"I WAS A timid child," Franz Kafka wrote, and when you learn that he was raised in old Prague, surely one of the world's most oppressive and gloomy cities, his haunted writings take on a sharp, poignant new reality.
In an exhibit at the B'nai B'rith Klutznick Museum, 68 photos cover Kafka's 41-year lifetime with an eerie intimacy. Take the streets where he walked, for instance, on the way to school, and later to the elite German high school and finally to the university: They are dark, crooked, narrow passages upon which gloomy old stone buildings glower, their shutters hiding dusty secrets, while dead gray light reflects dully from blank windows and above, half-lost in the mist, loom ancient, forbidding church spires.
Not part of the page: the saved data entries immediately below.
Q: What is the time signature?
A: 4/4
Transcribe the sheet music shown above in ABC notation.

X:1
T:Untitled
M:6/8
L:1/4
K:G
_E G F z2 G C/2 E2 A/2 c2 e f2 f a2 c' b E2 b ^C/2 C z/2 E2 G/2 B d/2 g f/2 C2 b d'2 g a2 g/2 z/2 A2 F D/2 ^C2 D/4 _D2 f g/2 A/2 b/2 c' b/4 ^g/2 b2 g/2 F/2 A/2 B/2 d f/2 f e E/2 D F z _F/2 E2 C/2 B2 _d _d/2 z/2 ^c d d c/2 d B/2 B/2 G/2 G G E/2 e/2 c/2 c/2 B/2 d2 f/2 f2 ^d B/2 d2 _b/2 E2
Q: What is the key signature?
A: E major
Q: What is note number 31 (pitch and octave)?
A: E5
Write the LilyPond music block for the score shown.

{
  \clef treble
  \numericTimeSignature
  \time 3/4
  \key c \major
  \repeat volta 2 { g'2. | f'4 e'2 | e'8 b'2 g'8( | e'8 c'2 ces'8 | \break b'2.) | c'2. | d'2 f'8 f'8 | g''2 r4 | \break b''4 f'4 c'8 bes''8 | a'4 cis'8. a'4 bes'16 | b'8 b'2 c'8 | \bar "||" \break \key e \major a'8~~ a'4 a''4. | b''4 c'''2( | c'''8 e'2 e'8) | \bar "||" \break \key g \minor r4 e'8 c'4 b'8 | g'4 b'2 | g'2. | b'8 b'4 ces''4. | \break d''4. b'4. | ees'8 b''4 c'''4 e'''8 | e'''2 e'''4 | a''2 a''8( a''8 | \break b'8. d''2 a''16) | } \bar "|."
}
It is something out of "Nosferatu" or "The Cabinet of Dr. Caligari." It is "The Castle" itself.
Kafka once wrote of the ancient ghetto, destroyed in 1896, "in us all, it still lives -- the dark corners, the secret alleys, the shuttered windows, the squalid courtyards, the rowdy pubs, the sinister inns. We walk through the broad streets of the newly built city. But inside we still tremble in the centuries-old streets of our misery."
Even the entrance hall of his childhood home is vaguely foreboding. Jan Parik's photographs (put together for the Museum of the Jewish Diaspora in Tel Aviv) evoke a mood so powerfully that it is easy to see these places as the wide-eyed, silent child must have.
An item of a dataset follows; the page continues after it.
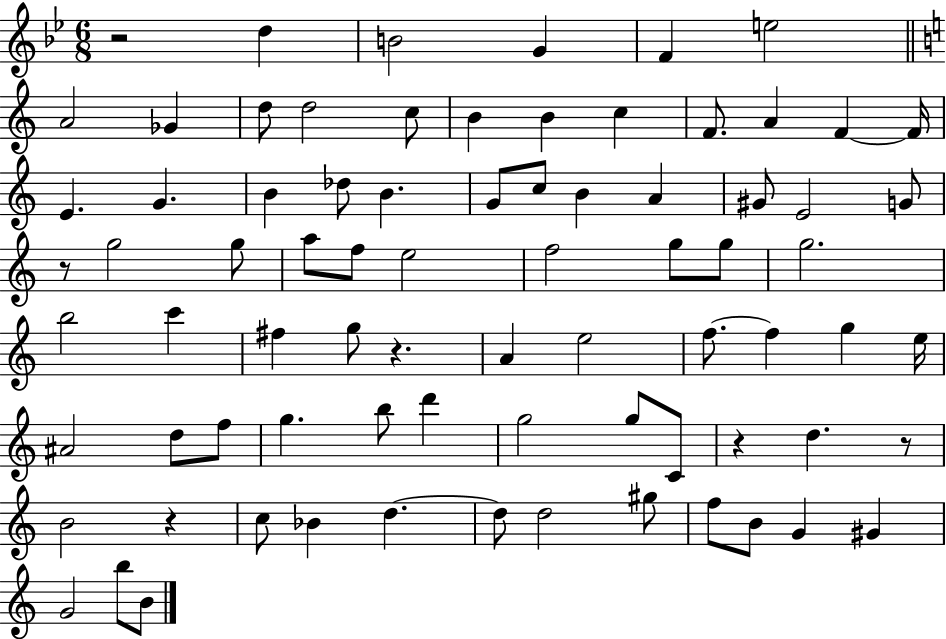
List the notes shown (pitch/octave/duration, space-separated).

R/h D5/q B4/h G4/q F4/q E5/h A4/h Gb4/q D5/e D5/h C5/e B4/q B4/q C5/q F4/e. A4/q F4/q F4/s E4/q. G4/q. B4/q Db5/e B4/q. G4/e C5/e B4/q A4/q G#4/e E4/h G4/e R/e G5/h G5/e A5/e F5/e E5/h F5/h G5/e G5/e G5/h. B5/h C6/q F#5/q G5/e R/q. A4/q E5/h F5/e. F5/q G5/q E5/s A#4/h D5/e F5/e G5/q. B5/e D6/q G5/h G5/e C4/e R/q D5/q. R/e B4/h R/q C5/e Bb4/q D5/q. D5/e D5/h G#5/e F5/e B4/e G4/q G#4/q G4/h B5/e B4/e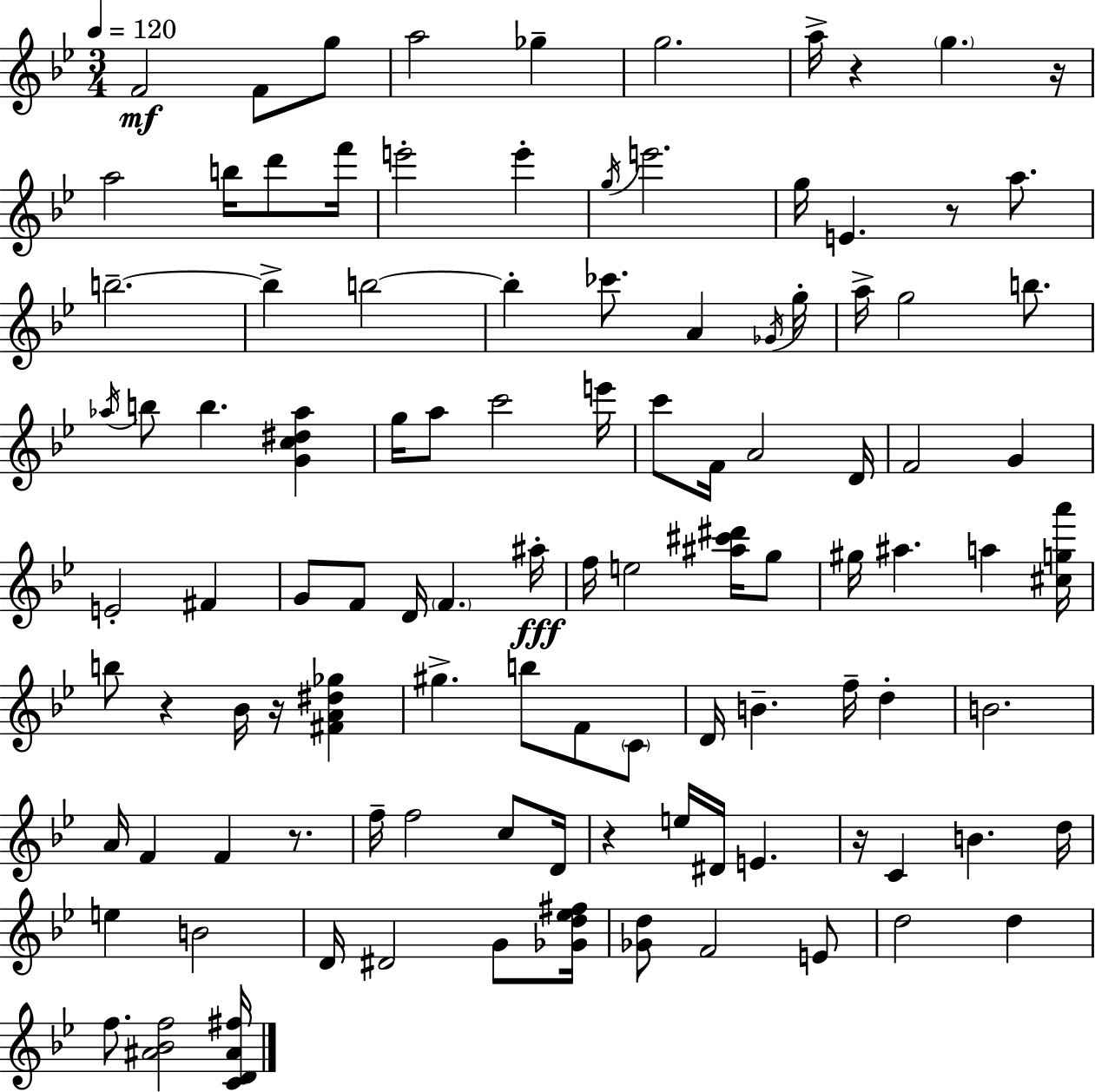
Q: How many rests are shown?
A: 8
And there are pictures of that child, of course, unsmiling, somber, foreshadowing the famous, staring death-touched last portrait of the writer. Yet Kafka at 17 radiates a certain appealing vitality.
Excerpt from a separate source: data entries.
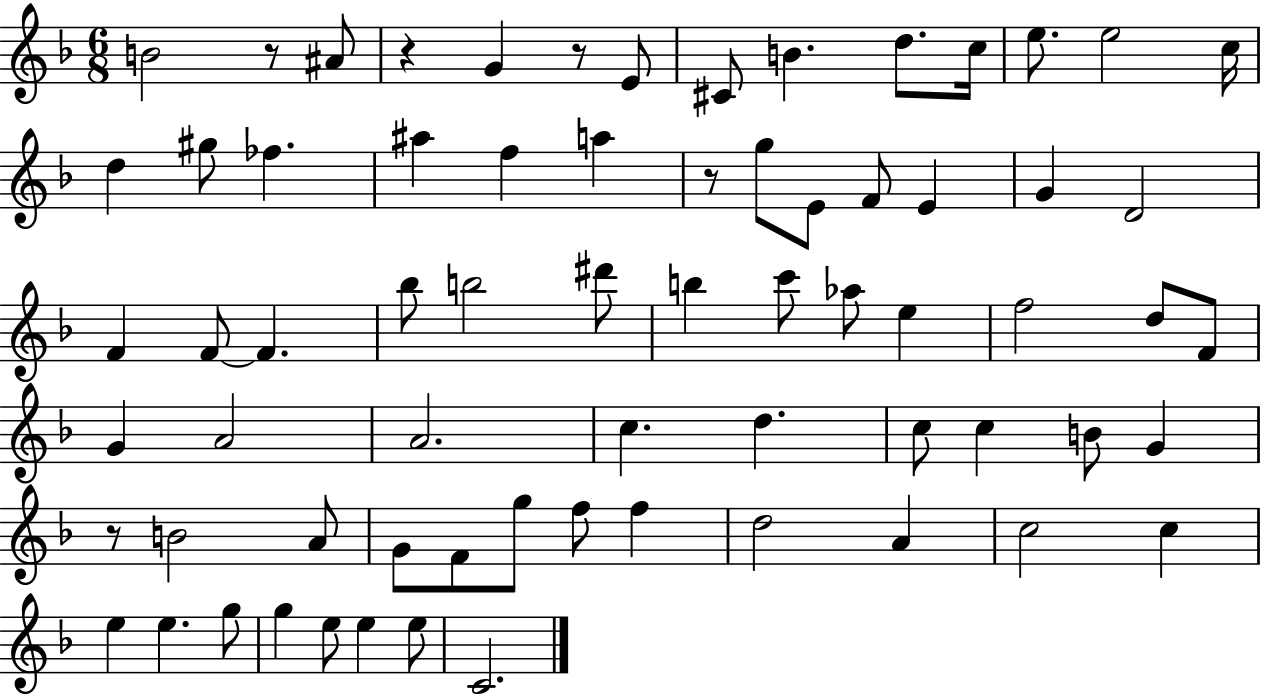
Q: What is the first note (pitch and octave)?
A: B4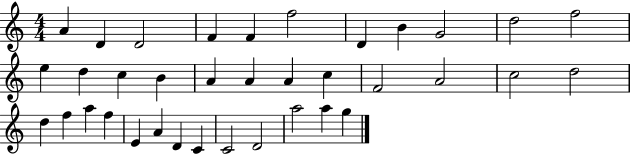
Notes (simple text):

A4/q D4/q D4/h F4/q F4/q F5/h D4/q B4/q G4/h D5/h F5/h E5/q D5/q C5/q B4/q A4/q A4/q A4/q C5/q F4/h A4/h C5/h D5/h D5/q F5/q A5/q F5/q E4/q A4/q D4/q C4/q C4/h D4/h A5/h A5/q G5/q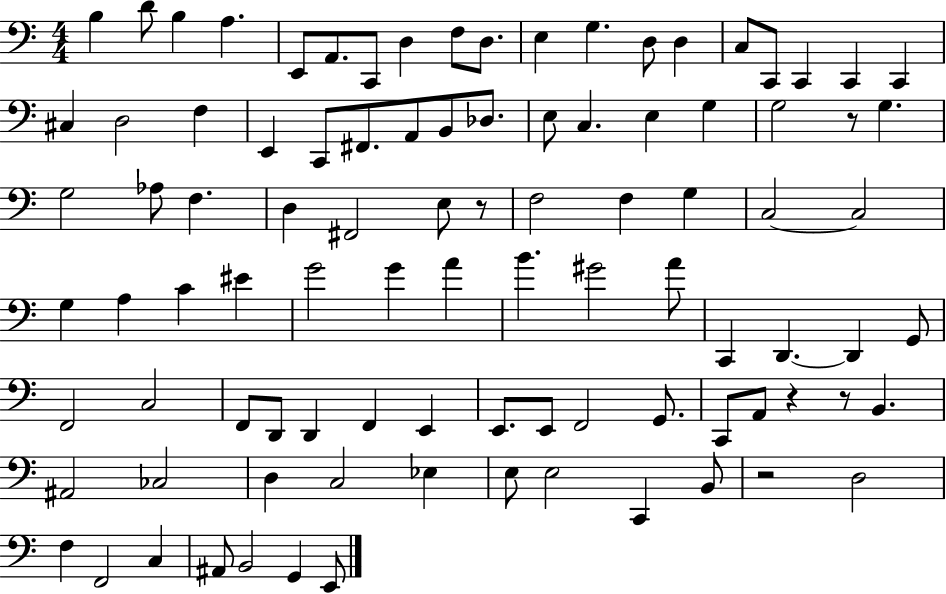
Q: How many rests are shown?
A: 5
From the Diaries, 1910: "I looked closely at myself in the mirror . . . the black of the hair, the brows and the eye sockets stand living forth from the rest of the passive mess. The glance is by no means haggard, there is no trace of that, but neither is it childish, rather unbelievably energetic, but perhaps only because it was observing me, since I was just then observing myself and wanted to frighten myself."
Embracing his Jewishness rather late (despite the fancy Bar Mitzvah invitation issued by his father, whom he despised), Kafka got a law doctorate so he could support himself while he wrote. At the Workers Accident Insurance Institute, he handled safety ratings of industrial plants, working deep in bureaucracy's corridors of despair, where he knew at first hand the arrogance, incompetence and meaningless hostility of petty clerkdoms, the mindless routines and regulations that eroded the souls both of the clerks and of their harassed, baffled victims.
"How modest these men are," he wrote. "They come to us and beg. Instead of storming the institute and smashing it to little pieces, they come to beg . . ."
This is the nightmare of "The Trial" -- in the original.
Kafka had no cozy sense of family, rarely spoke to his parents or his three pretty younger sisters. Yet he longed to be a family man. He kept up with the women in his life, corresponding with them for years after the affairs ended. They are all pictured here. Two of them died in concentration camps. So did all three of his sisters.
One affair was with Grete Bloch, who later revealed that she had had his son in 1914, but the boy died at 7. Kafka never knew about him.